Non sono molti gli studenti che introducono nel proprio piano di studi un esame in più, così come sono altrettanto rari gli studenti che terminano il proprio percorso di laurea dando un esame in “sovrannumero”. Significa che alle loro spalle c’è molta bravura, metodo, volontà, impegno.

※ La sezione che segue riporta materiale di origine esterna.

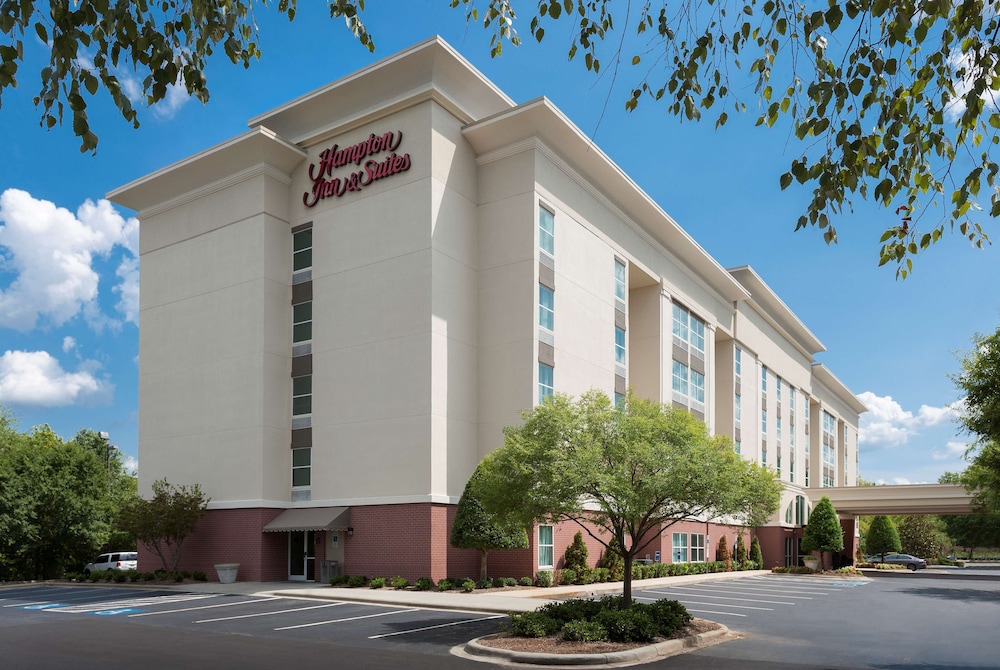 Hampton Inn & Suites Charlotte Pineville — hotel in Pineville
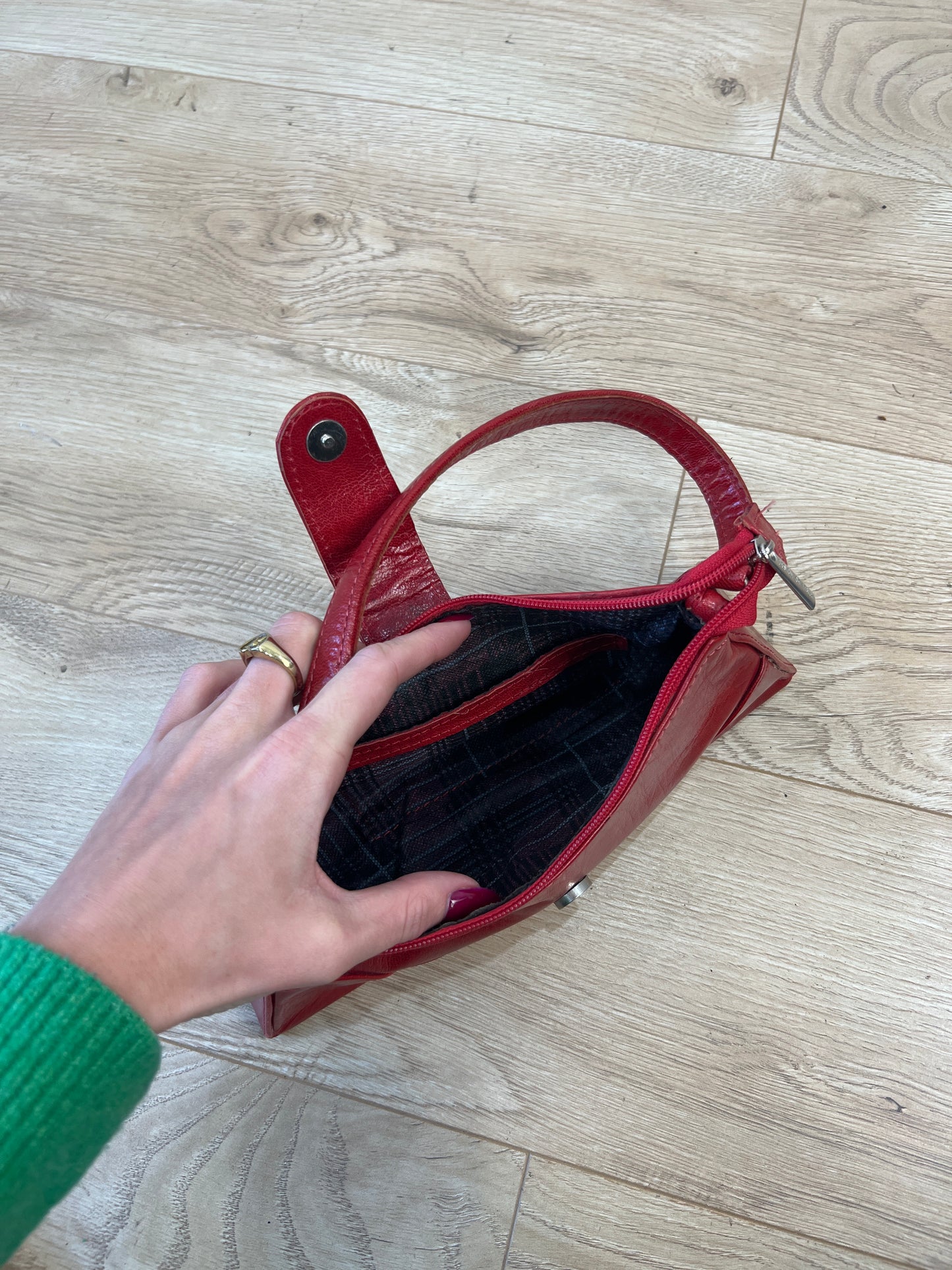 vintage edit thirteen | small red patent shoulder bag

Vittoria Ronchetti, neolaureata in Letterature straniere, è tra questi studenti. «Il mio ultimo esame è stato un sovrannumerario, mi ritrovavo quindi in una situazione dove l’esito non era più poi così importante… ma seduta in attesa di essere chiamata all’esame, ho sentito una sensazione di competitività un po’ inattesa. Mi sono detta che doveva andarmi bene per forza, perché l’idea di togliermi con pieno appagamento lo sfizio del sovrannumerario mi è sembrata pressoché irresistibile» racconta Vittoria, che poi ricorda nitidamente, una volta superata brillantemente la prova, di aver provato «un’improvvisa leggerezza, come un peso che si solleva dal petto, seguito dopo da un grande senso di soddisfazione, un “ce l’ho fatta” da rendere quasi un po’ ebeti». Storia della critica è stato l’esame in più sostenuto da Vittoria prima di laurearsi: «sono stata da subito brava a tenermi in pari con gli esami; nelle sessioni estive macinavo anche dieci, undici appelli nel giro di due mesi. Quando è arrivato il momento di compilare il piano di studi al terzo anno, avevo potenzialmente lo spazio per sostenere un esame extra. È stato un esame molto piacevole da preparare, sicuramente anche perché la pressione di andare bene era ridotta».
Determinazione, dedizione e una gran sicurezza emergono dalle parole della neodottoressa Vittoria che, se pensa alla notte precedente al suo ultimo esame, confessa infatti che riuscì a non farsi prendere dall’ansia e a seguire «la mia solita routine: ho cenato in famiglia, ho letto qualcosa alla nonna, ho guardato un po’ lo smartphone e sono poi andata a letto presto. Niente ansia, magari un lieve senso di trepidazione. Mi piace pensare alla sfida che mi aspetta». Se invece ripensa a tutti gli esami del suo corso di laurea, Vittoria non ha dubbi nell’individuare in Letteratura inglese 3 quello che le ha dato più soddisfazioni «Il mio “vero” ultimo esame, senza contare il sovrannumerario; mi ero preparata con moltissima dedizione e sono riuscita ad avere la lode che nella materia mi era sfuggita per due anni». Cita invece Cultura Classica ed Europea come l’esame che l’ha inaspettatamente, e più del previsto, appassionata mentre definisce Giornalismo e informazione digitale come l’esame che le “ha aperto nuovi orizzonti”: «Sono sempre stata una lettrice piuttosto passiva dei giornali, ma studiare la disciplina mi ha permesso di capire molto su una realtà con cui ho, ma con cui alla fine abbiamo tutti, a che fare quotidianamente».